Roger Binns — Sun 28 April 2013
I used to be the kind of person the computer industry cared about.
Hardware makers kept trying to give me more: cpu, memory, storage,
screens, pixels etc. Software makers kept trying to harness that
extra capability, providing new things for me to do, removing limits
on existing ones and new ways of combining, mashing up and remixing
what I have. They came up with multiple different ways of doing
things so you could pick what worked best for you.
Those days are completely over. Hardware comes with built in
obsolescence with non-expandable memory and storage. Screens have
regressed in resolution and surface area. Software makers are
optimising for small tablets using one program at a time with a
finger. They are battling to contain you within their walled garden.
They only provide one way of doing things, which helps reinforce the
walled garden and makes other systems seem alien. (Some changes have
been for the better which is apparent because everyone adopts them -
an example is typing a few letters and getting all relevant
applications, documents, contacts etc.)
This is even happening in the open source/free software world.

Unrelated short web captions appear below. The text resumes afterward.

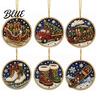 2D Acrylic Santa Flat Holiday Pcs Pearl Christmas Ornaments 6 Art Ornaments Tree Pendant Creative Effect Hanging Decoration for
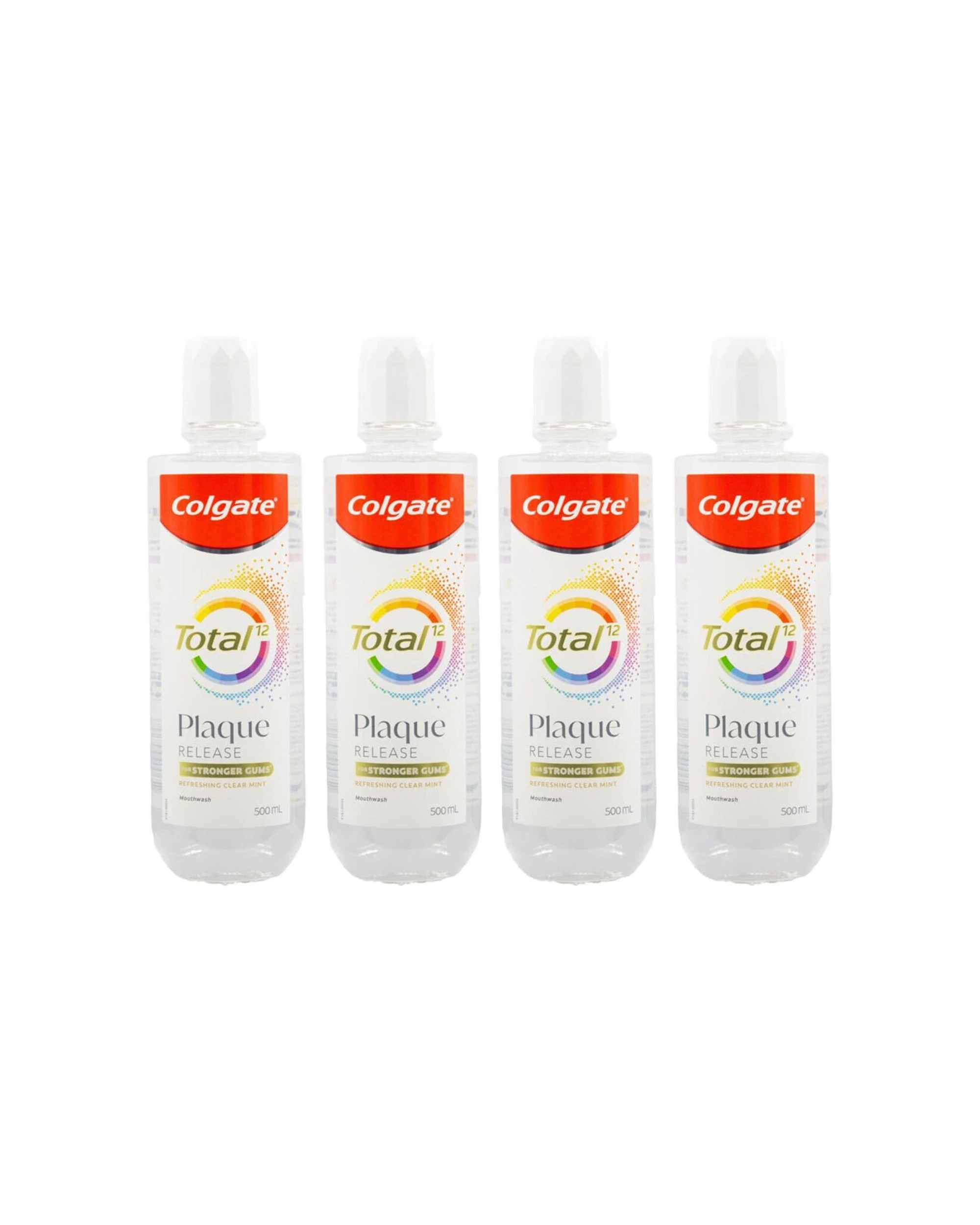 1 Colgate 4PK Total 12 Mouthwash Plaque Release Dental Care 500ml - Clear, 1 of 3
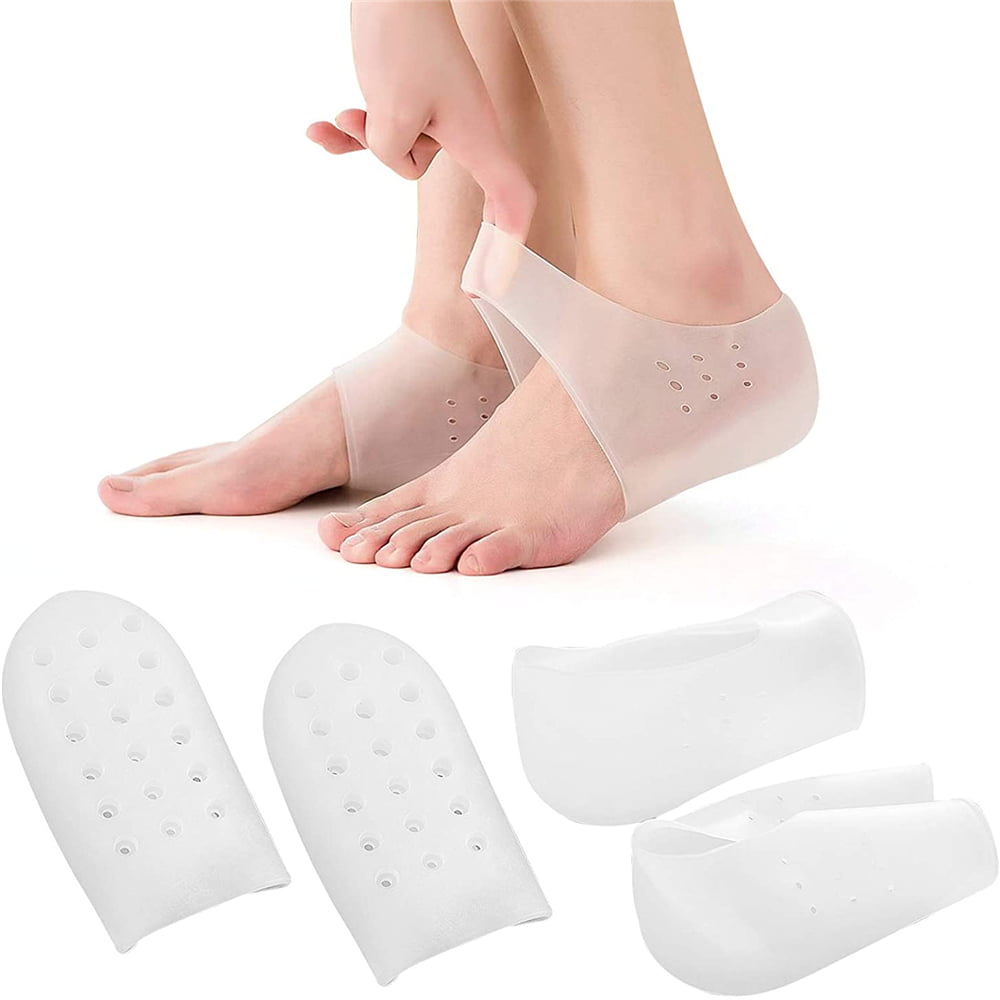 Invisible Height Lift Heel Pad Sock Liners Increase Insole Heel Repair Pads Foot Cushion Protector for Women Men Beverl 1 Pair Silicone Heel Sleeves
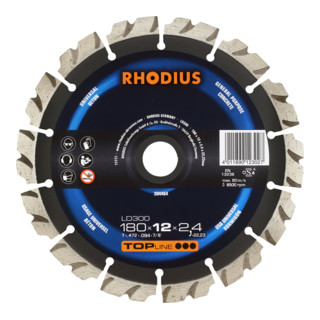 RHODIUS TOPline LD300 Diamanttrennscheibe 180 x 12,0 x 2,4 x 22,23 mm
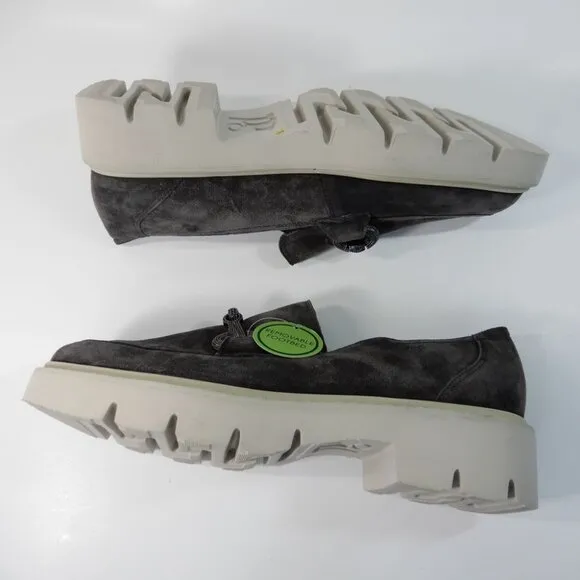 Paul Green SUPER SOFT Star Platform Bit Loafers US 10 Asphalt Grey Suede NEW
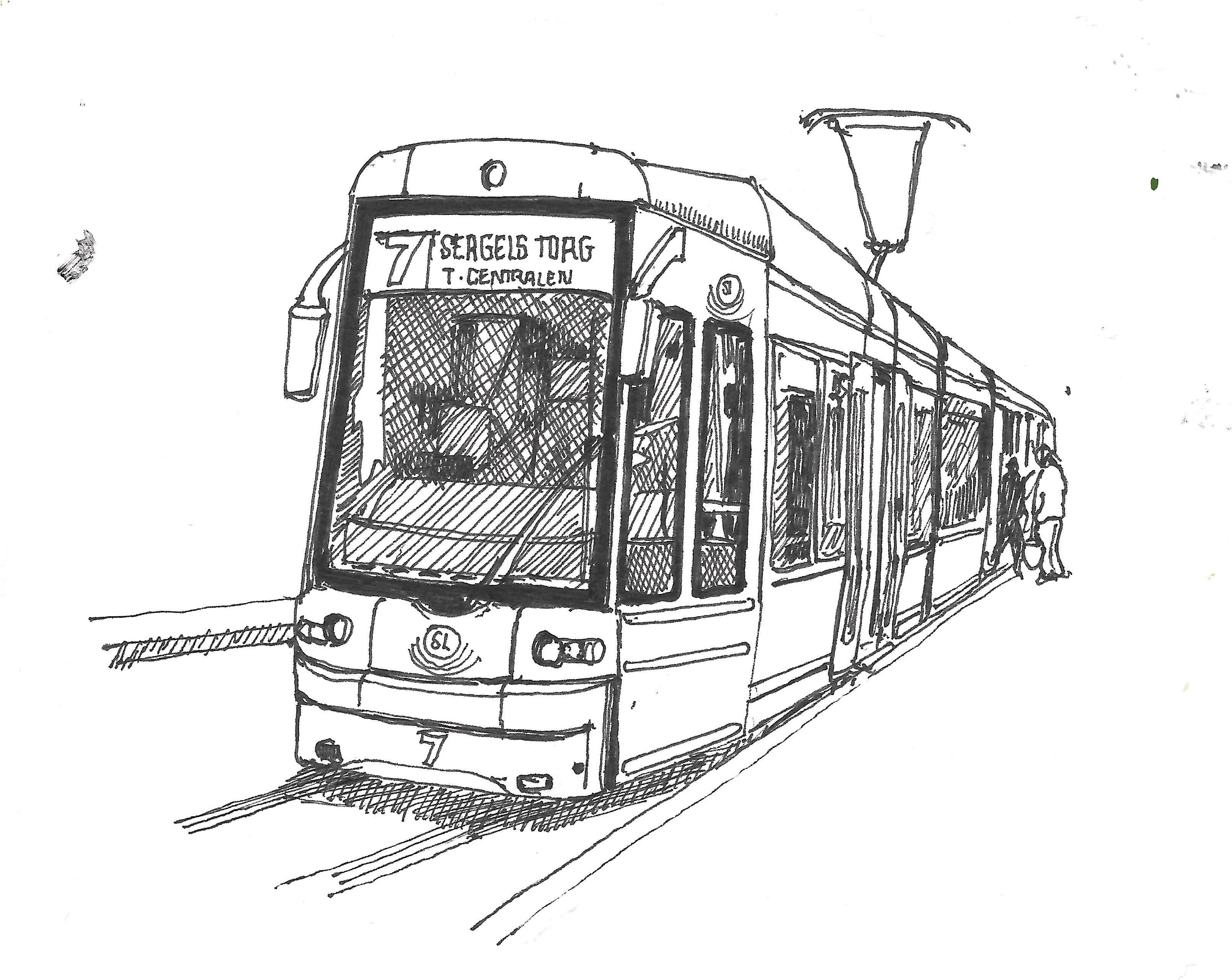 Трамвай зарисовка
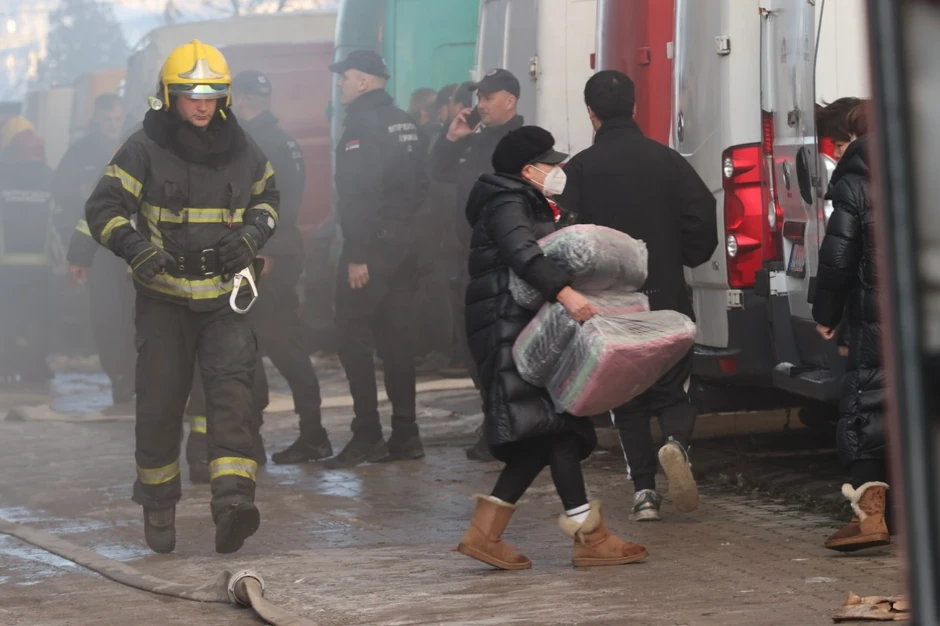 Požar, Kineski tržni centar, Novi Beograd, Blok 70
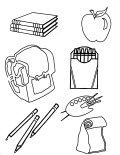 School supplies Coloring Sheet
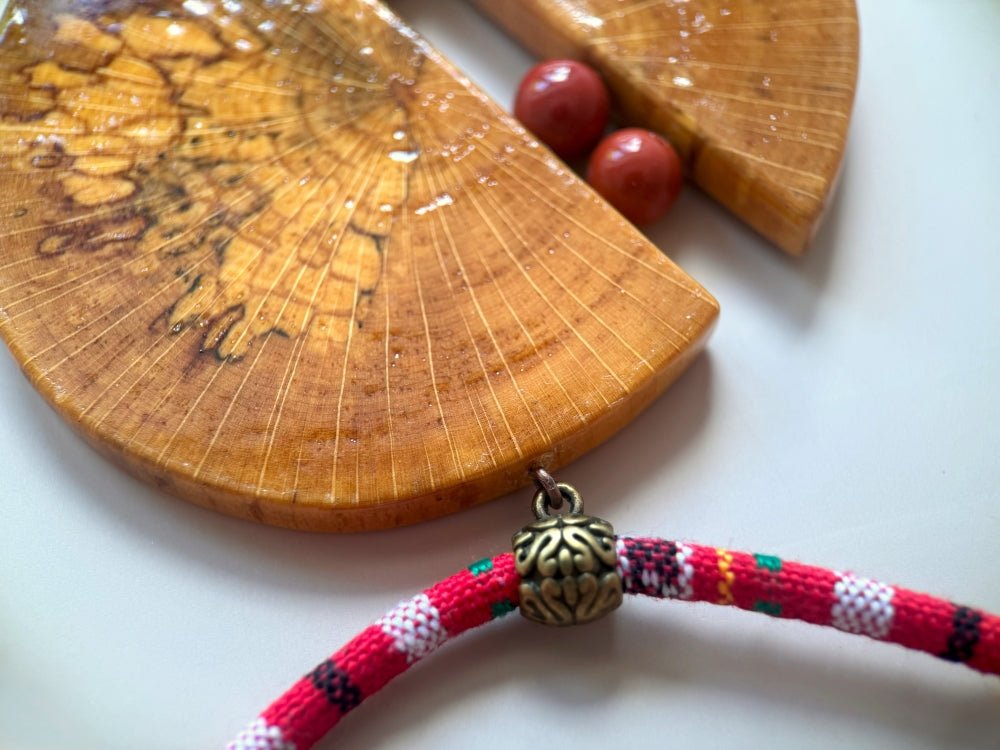 Big handmade wooden pendant with jasper beads - Ornamentico shop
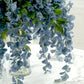 5 Pack 44" Silk Hanging Wisteria Flower Garland Vines in Dusty Blue, 3 Strands in 1 Bush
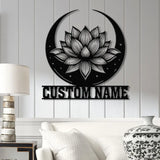 Lotus & Moon Metal Wall Art with LED Light Zen Lotus Flower Sign Yoga Wall Decor Mandala Art Living Room Decor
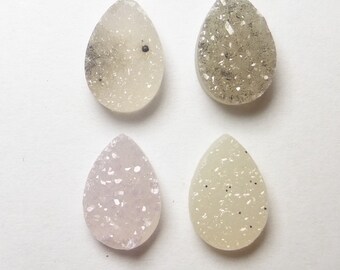 Jeweller's Pack - Natural White Druzy Agate Cabochons - - Gemstone Supplies - 8 x 12mm Pear Cabochon - FM33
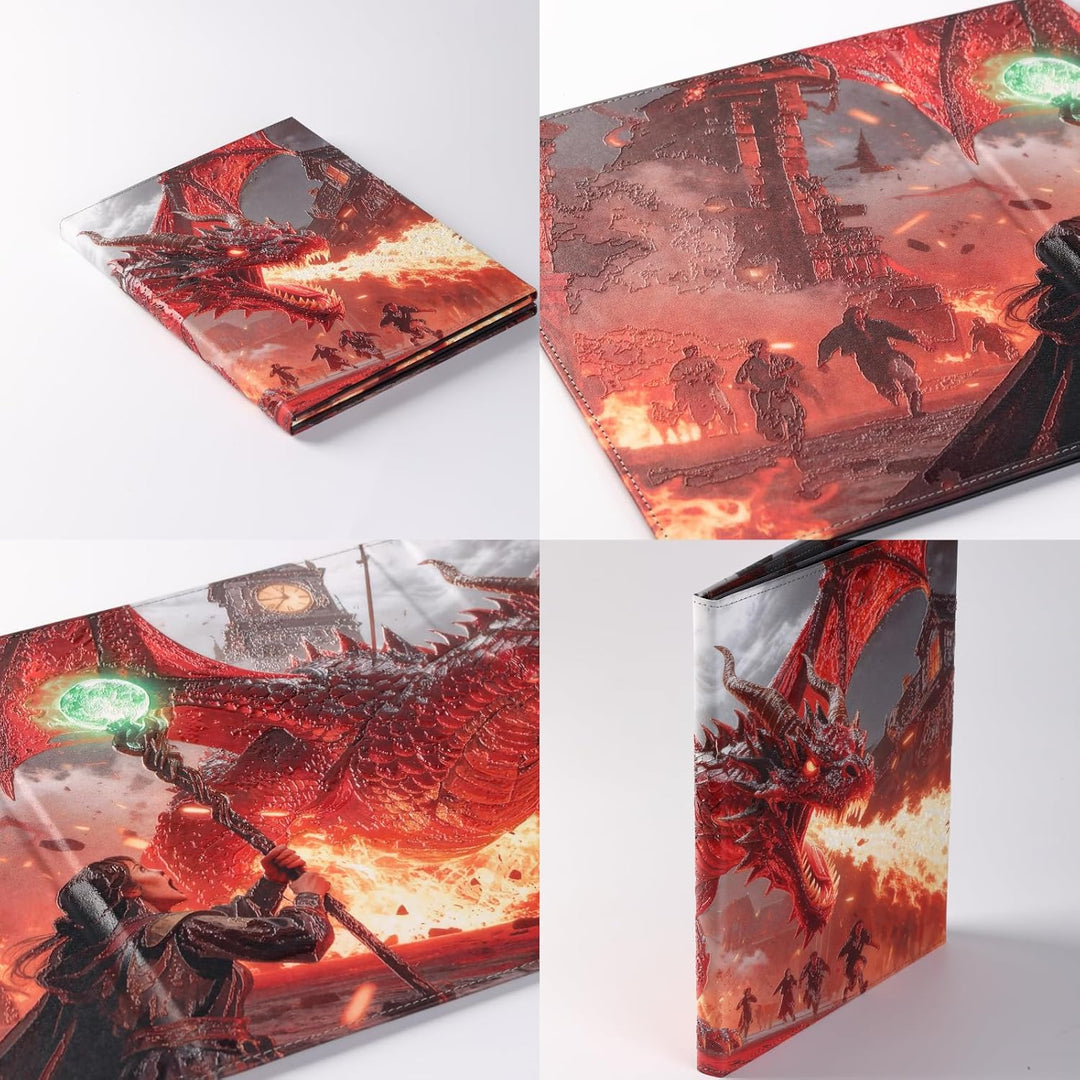 DND 5e DM Screen Deluxe-8 Kunstleder-Panels 2 schwenkbaren Nasslösch-Taschen&3D Relief Drachen Krieg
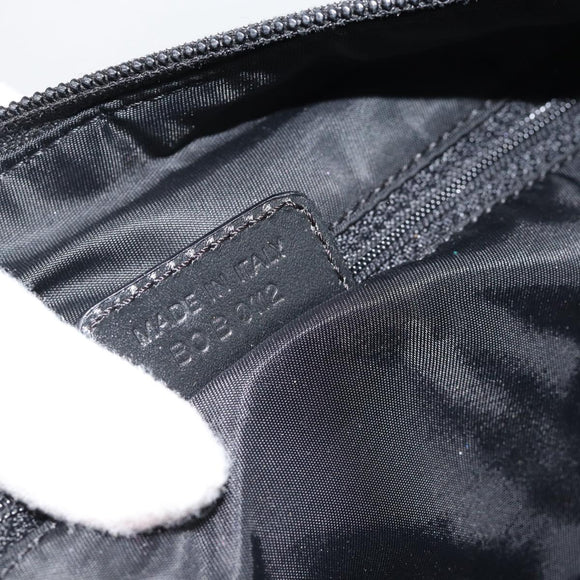 Christian Dior Trotter Canvas Schultertasche Schwarz Silber Auth 183317A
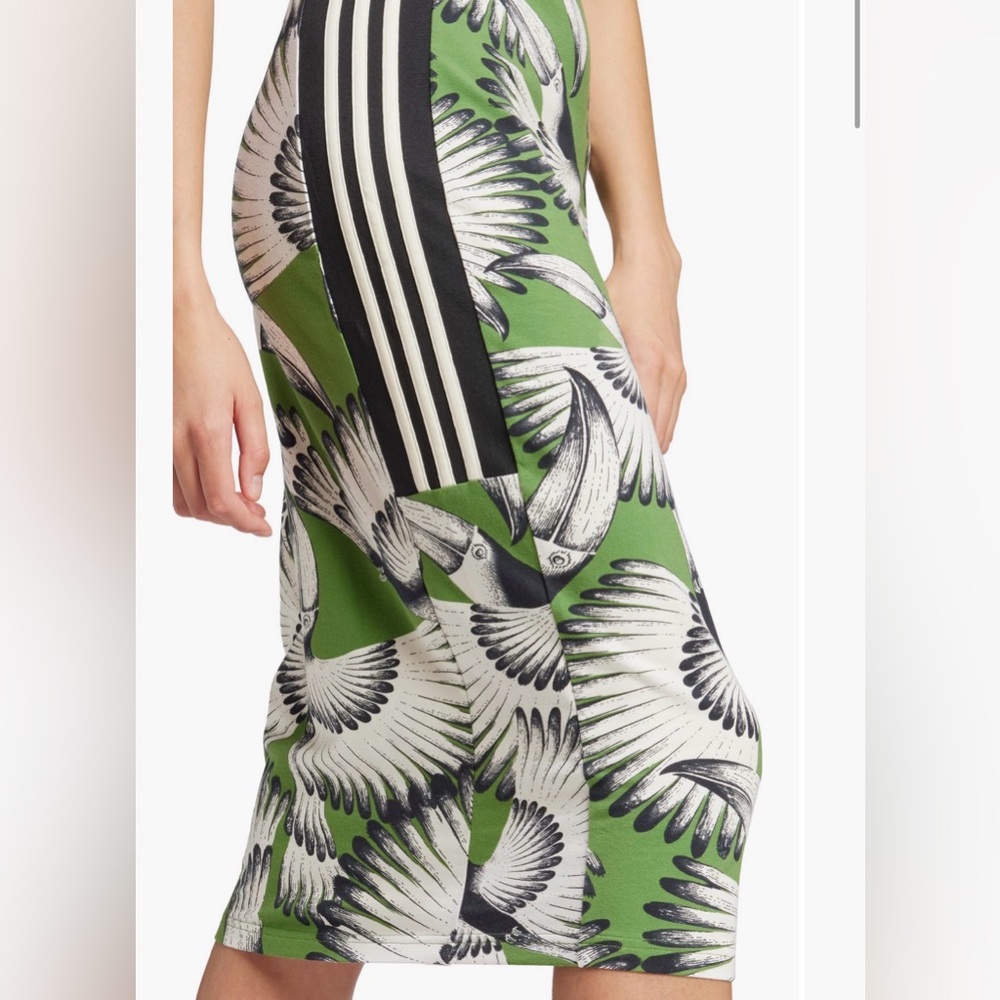 Adidas X Farm Rio Green and Black Patterned Dress - Picture 2 of 6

Canonical/Ubuntu has a CLA which ensures an unequal advantage to them
if you want to collaborate. Parts are kept private to keep up that
walled garden (Ubuntu One).
I'd been sticking to Gnome because it had historically been usable and
didn't have a walled garden agenda. Unfortunately the most recent
release (3.8) has finally become unusable, because they provide only
two modes - one completely unusable unless using a small screen with
fingers (that approximately no one has), and the second that imitates
the earlier more usable interface from back when things kept getting
bigger and better.
The latter fails because the developers so focussed on the first mode
completely missed what it was about the second that made it
productive. My main workstation has 4,000 square centimetres of
display space (compared to 160 for an iPad Mini 7 inch). Things are
hidden (eg system monitors and dropbox icons) that should be always
visible. Huge swathes of horizontal space at the top of the screen
are wasted. Attempting to use multiple copies of the same program are
an exercise is frustration. Even task bars (so far the least worst UI
paradigm for managing lots of open windows where many are from the
same app) is broken (eg can't drag and drop to reorder). Doing
anything involves more mouse movement, and more steps. Even the
workspaces don't show their contents or have keystrokes to switch.
The usual answer is that it is open and I can fix it. This is true in
the abstract sense, but not practically because it is obvious I am no
longer welcome. Heck I didn't really even want any changes, just for
things to be left as they were before they got too much worse.
Designers seem to be on a parallel course to make things worse. The
new esthetic is "flat" ui which means fewer pixels devoted to
highlighting the difference between ui elements. And the colour
schemes involve using various shades of gray on top of and next to
other shades of gray. 4,000 square centimetres of gray is not usable.
On laptops with worse colour differentiation it is even hard to
distinguish what is going on.
I've got six months to find the least worst productive environment. O
for the days when it was all about users like me.